Además del conocimiento de todas las triquiñuelas imaginables, los campanarios contaban con expertos herradores, los hermanos Francisco y Pedro Carmona más conocidos por los Maúros, verdaderos maestros en el arte de herrar, capaces de simular defectos al caminar cortando los cascos de determinadas formas y ocultar las cojeras. Si los herradores eran aventajados en su oficio no les iba a la zaga el necesario pelador, tan famoso, que era conocido por el remoquete de Esquila.

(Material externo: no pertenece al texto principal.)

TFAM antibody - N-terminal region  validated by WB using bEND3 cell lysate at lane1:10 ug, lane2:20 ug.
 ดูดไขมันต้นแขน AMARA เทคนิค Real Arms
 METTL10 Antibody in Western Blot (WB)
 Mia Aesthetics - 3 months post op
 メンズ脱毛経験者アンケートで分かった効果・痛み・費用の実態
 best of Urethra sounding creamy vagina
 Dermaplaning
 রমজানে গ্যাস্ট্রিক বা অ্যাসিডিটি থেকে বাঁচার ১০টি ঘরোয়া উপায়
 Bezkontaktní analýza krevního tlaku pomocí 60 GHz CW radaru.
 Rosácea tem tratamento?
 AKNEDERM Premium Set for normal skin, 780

Cuando llegaban mulas del norte de la provincia de Cáceres, más bastas que las procedentes de Andalucía, con largo y tupido pelo (tapás) era necesario refinarlas y para ello Esquila erael mejor. Colocaba los grilletes en las  patas de la mula, el acial en los belfos y puesta en una estercolera donde se amortiguaba la caída, procedía a pelar a la tapá lomos costillares y barriga. La raya horizontal que se hacía alrededor sería a una altura conveniente, según se quisiese dar apariencia de más o menos talla. Las ancas se adornaban con los bigotes.

El gavilán, diente que salía a los machos a cierta edad, se les quitaba o se les limaba, según la edad que conviniera que aparentase. Para esta operación era necesario ayudarse de la escalerilla, artilugio de hierro en forma de escalera que le impedía cerrar la boca.

La molestia en la ranilla, frecuente en las bestias de regadío, se corregían con unas chapitas entre los extremos de la herradura y el casco. Las neguillas se marcaban con nitrato de plata...

Para tratar, los campanarios solían ir varios juntos y todos apoyaban ¡y de qué manera! si convenía al paisano.